Para el gobierno chino está resultando difícil establecer prioridades y estrategias de actuación cónsonas con ellas en sus frentes de política interna y externa. Es que el entorno se ha ido desordenando y complejizando dentro de la crisis mundial que ha seguido a la pandemia del COVID-19.

Hay en la actualidad asuntos que requieren de atención inmediata porque tienen que ver con la estabilidad interna de un país que alberga casi 1.500 millones de ciudadanos que atender. Estos son los relativos a la contención sanitaria de la pandemia y en este terreno, por fortuna, el coloso de Asia se encuentra en una posición de partida más ventajosa que el resto del mundo.

En otros campos no corre con esa suerte. Hay temas de atención impostergable como los económicos. Es preciso encontrar fórmulas para aliviar el impacto inmediato a sus ciudadanos, producido por la desaceleración de la propia economía china, sujeta, a su vez, a las consecuencias de la recesión experimentada en el resto del mundo.

Hay otra área de conflicto en la que intervienen factores externos de gran calado y tienen que ver con el deterioro de las relaciones entre Pekín y Washington, un tema que lejos de detenerse ha ido adquiriendo grandes decibeles. Donald Trump no ha cejado en su propósito de desacoplarse de China y para ello estudian planes concretos destinados a restringir el comercio y reducir las inversiones en suelo asiático.

Las sanciones americanas en contra de China no solo se mantienen sino que se acrecientan. Lo vimos con detalle la semana pasada al examinar su posición con relación a la imposición de una ley de seguridad aprobada por el Congreso del Pueblo para meter en cintura a Hong Kong.

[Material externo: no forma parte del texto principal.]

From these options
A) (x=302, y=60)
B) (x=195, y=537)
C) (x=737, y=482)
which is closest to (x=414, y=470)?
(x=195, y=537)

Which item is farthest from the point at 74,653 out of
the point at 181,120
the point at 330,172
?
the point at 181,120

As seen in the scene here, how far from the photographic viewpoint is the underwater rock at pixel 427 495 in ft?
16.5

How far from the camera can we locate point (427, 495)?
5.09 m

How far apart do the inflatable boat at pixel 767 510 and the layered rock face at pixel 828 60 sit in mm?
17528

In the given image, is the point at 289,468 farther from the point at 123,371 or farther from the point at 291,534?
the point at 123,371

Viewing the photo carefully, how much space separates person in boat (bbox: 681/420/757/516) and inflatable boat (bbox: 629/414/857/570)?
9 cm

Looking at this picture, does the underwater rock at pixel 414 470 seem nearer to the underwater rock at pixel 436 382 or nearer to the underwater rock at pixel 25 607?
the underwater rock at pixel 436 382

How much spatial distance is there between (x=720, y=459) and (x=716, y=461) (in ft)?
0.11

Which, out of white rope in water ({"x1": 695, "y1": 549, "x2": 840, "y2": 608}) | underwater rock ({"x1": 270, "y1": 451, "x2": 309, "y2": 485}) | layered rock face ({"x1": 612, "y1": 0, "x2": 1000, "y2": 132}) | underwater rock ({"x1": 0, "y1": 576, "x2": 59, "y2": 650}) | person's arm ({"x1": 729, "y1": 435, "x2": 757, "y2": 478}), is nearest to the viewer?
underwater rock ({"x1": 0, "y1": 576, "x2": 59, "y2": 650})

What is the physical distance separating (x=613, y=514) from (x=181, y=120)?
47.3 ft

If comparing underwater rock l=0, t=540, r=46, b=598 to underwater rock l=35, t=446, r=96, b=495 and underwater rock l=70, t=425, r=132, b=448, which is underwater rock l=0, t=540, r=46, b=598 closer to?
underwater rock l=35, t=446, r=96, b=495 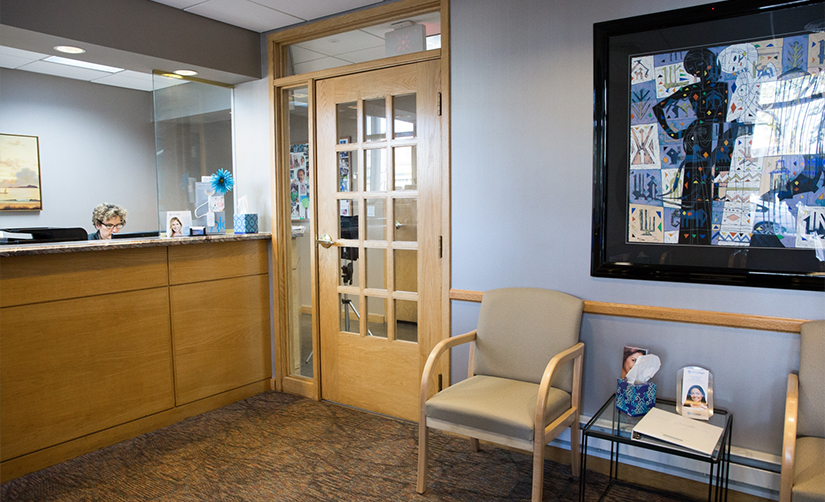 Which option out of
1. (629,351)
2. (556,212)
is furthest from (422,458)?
(556,212)

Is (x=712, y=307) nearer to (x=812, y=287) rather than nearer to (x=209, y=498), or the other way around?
(x=812, y=287)

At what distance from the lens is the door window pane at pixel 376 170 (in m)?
3.21

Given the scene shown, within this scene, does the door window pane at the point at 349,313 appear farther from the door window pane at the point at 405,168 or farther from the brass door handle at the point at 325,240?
the door window pane at the point at 405,168

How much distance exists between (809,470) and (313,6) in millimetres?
3233

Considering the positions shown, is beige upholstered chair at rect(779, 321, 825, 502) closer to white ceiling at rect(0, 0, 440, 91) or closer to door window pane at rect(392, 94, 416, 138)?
door window pane at rect(392, 94, 416, 138)

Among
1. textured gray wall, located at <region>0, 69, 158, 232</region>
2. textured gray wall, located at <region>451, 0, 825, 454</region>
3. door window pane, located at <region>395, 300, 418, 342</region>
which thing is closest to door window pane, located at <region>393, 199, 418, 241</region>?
textured gray wall, located at <region>451, 0, 825, 454</region>

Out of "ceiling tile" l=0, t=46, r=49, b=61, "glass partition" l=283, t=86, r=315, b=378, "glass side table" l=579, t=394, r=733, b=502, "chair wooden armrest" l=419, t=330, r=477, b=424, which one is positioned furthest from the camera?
"ceiling tile" l=0, t=46, r=49, b=61

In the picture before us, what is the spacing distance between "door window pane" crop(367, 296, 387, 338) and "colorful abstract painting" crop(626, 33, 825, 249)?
1504 millimetres

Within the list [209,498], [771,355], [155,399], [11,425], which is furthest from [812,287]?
[11,425]

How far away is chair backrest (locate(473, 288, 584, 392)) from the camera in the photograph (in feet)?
8.04

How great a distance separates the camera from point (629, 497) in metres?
2.32

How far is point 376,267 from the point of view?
3277mm

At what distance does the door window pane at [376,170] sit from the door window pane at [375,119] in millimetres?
89

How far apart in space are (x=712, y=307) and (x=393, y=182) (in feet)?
5.83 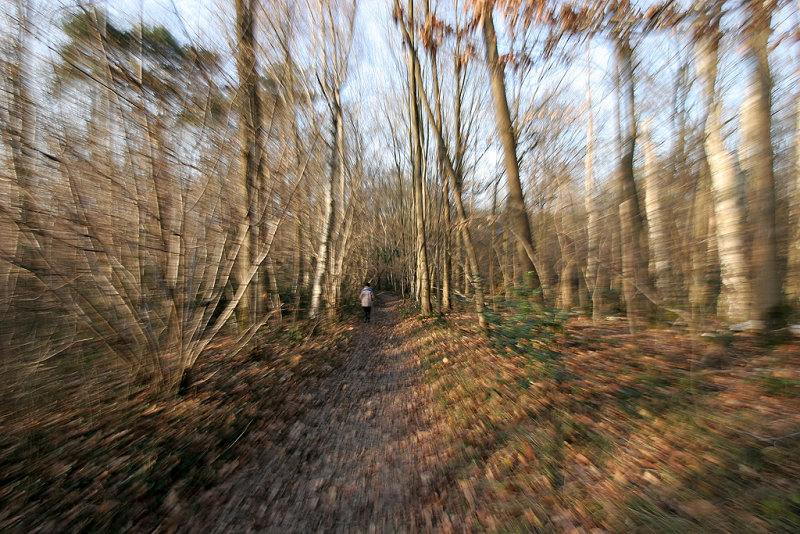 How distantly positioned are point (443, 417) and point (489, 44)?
24.0 feet

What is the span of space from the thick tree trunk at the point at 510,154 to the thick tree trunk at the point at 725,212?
2.68 m

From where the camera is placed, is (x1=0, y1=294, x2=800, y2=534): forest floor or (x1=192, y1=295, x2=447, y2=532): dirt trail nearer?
(x1=0, y1=294, x2=800, y2=534): forest floor

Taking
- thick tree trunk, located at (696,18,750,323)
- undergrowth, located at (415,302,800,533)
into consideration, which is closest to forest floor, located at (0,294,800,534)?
undergrowth, located at (415,302,800,533)

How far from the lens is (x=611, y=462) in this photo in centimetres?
280

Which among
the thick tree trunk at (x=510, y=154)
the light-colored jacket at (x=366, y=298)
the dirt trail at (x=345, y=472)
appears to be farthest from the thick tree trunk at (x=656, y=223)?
the light-colored jacket at (x=366, y=298)

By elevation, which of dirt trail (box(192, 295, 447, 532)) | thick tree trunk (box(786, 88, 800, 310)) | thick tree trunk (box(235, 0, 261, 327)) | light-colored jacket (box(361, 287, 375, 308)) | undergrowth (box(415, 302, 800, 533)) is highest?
thick tree trunk (box(235, 0, 261, 327))

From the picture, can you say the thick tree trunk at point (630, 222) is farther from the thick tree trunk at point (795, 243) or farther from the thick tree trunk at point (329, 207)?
the thick tree trunk at point (329, 207)

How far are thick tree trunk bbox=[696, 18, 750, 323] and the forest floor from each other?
27.2 inches

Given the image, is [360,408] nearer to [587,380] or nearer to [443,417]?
[443,417]

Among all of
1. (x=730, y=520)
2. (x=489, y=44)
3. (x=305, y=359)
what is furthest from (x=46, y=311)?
(x=489, y=44)

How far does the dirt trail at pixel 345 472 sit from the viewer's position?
2.77 meters

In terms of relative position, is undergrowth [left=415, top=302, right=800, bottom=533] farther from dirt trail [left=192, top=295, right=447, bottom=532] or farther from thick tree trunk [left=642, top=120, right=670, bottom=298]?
thick tree trunk [left=642, top=120, right=670, bottom=298]

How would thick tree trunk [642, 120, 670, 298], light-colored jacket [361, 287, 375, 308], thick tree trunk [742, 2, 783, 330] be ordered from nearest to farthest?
1. thick tree trunk [742, 2, 783, 330]
2. thick tree trunk [642, 120, 670, 298]
3. light-colored jacket [361, 287, 375, 308]

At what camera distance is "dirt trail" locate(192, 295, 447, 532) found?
2766 millimetres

Ahora un paso adicional para escalar los desencuentros con Estados Unidos entra en juego. Se trata de la imposición de sanciones no a la nación sino a los particulares.  Washington, de entrada, ha penalizado a cuatro dirigentes del Partido Comunista chino y del gobierno en la región de Kingian, un castigo en nada se relaciona con la política bilateral. Se trata de una denuncia contra la represión que el gobierno chino está aupando en este enclave. La acción norteamericana lo que busca es evidenciar las violaciones de derechos humanos que tienen lugar en esta región autónoma aigur, de la que son objeto 1 millón de ciudadanos presos en campos de reeducación. Pero de nuevo este movimiento es considerado, en los círculos de poder chinos, como una indeseada interferencia.

La retaliación no se ha hecho esperar y el lunes fue el turno de Pekín para también anunciar sanciones a cuatro políticos de Estados Unidos –entre ellos Marco Rubio, Ted Cruz y  el embajador general de Estados Unidos para la Libertad Religiosa Internacional– y una comisión del Congreso.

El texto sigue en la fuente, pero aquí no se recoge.